___ Recorded data ___

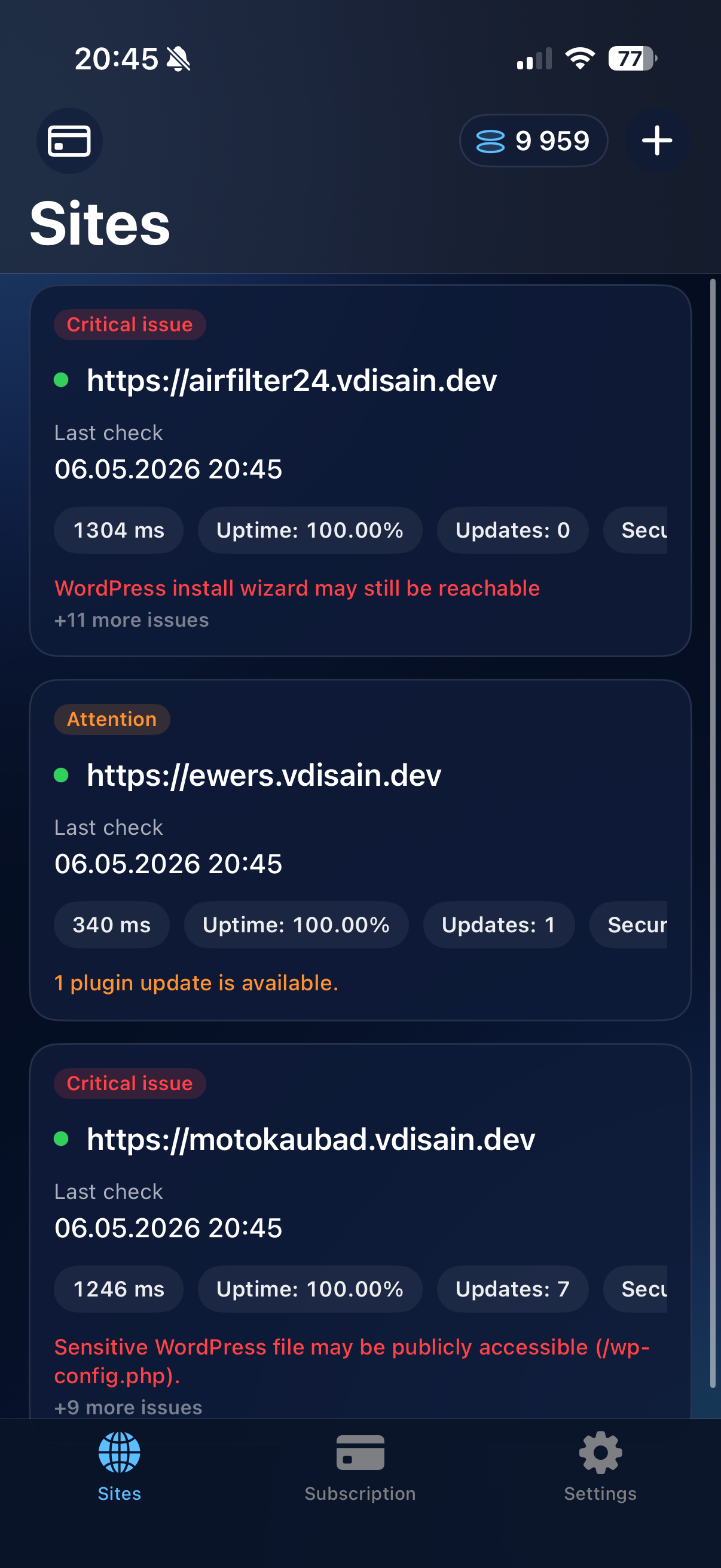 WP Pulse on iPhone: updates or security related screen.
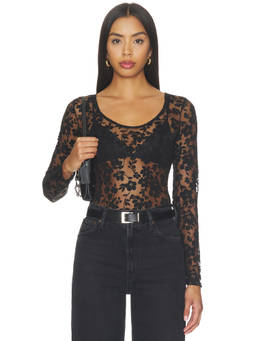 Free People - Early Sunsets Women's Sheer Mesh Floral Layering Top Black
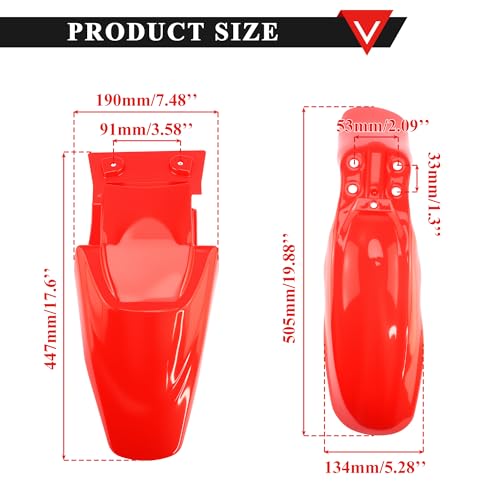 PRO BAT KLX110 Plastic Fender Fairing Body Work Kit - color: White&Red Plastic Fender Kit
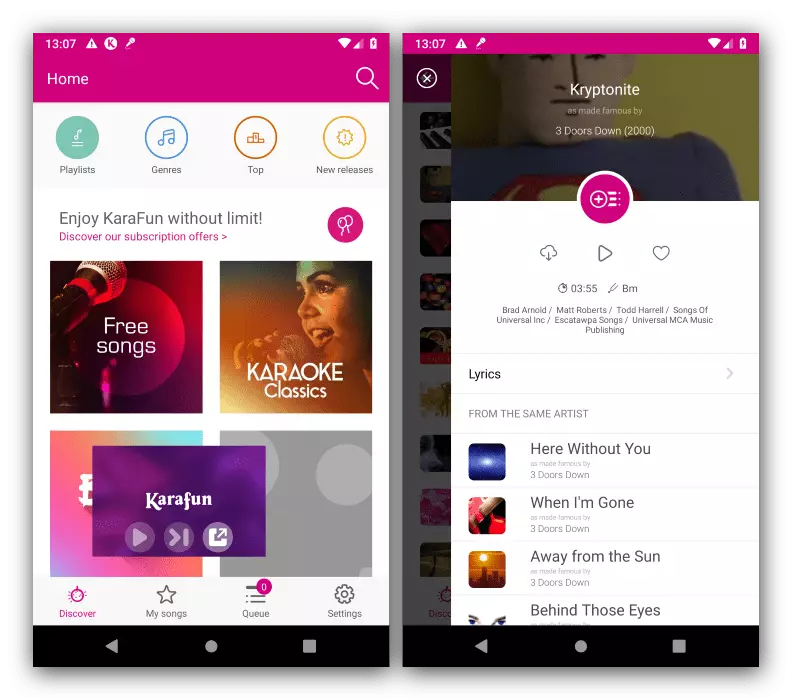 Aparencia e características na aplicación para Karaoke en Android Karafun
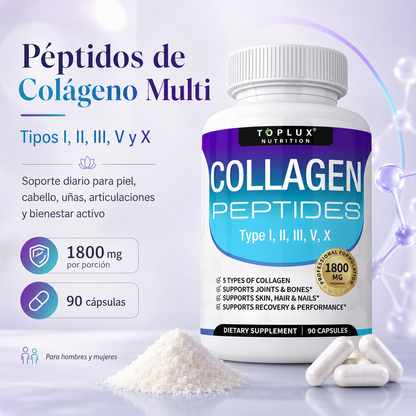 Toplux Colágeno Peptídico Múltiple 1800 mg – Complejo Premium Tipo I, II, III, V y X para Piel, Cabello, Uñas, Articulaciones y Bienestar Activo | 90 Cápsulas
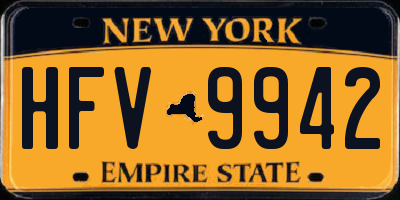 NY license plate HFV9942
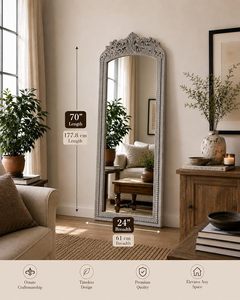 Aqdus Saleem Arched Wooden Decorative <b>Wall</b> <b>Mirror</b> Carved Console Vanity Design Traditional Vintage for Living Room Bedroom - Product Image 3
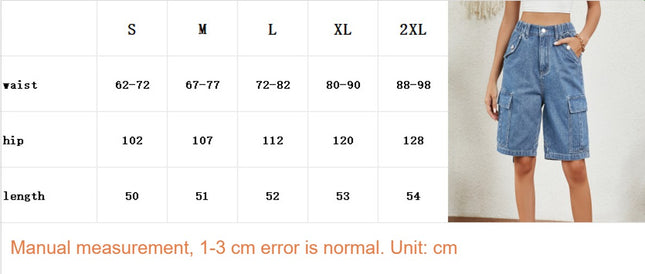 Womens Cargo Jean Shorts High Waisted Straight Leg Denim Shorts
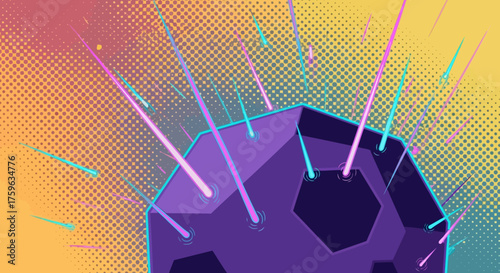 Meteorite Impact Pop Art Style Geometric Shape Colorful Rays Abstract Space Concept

___
___ Recorded data ___

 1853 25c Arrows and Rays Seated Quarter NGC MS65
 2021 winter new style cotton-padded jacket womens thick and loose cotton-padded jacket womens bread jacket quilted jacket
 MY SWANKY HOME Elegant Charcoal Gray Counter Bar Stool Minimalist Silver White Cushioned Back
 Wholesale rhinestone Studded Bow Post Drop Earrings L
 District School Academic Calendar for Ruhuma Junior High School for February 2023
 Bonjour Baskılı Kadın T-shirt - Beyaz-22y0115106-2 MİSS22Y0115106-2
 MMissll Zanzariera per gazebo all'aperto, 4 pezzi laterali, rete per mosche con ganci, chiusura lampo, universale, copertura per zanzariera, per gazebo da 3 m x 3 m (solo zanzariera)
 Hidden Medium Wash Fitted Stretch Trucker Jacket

___

> What is expected:
Nothing but the lines above from the line with "WP Pulse on" up to and including the line with "PRO BAT KLX110" should be returned, exactly as written and without pictures.

> Task solution:
 WP Pulse on iPhone: updates or security related screen.
 Free People - Early Sunsets Women's Sheer Mesh Floral Layering Top Black
 PRO BAT KLX110 Plastic Fender Fairing Body Work Kit - color: White&Red Plastic Fender Kit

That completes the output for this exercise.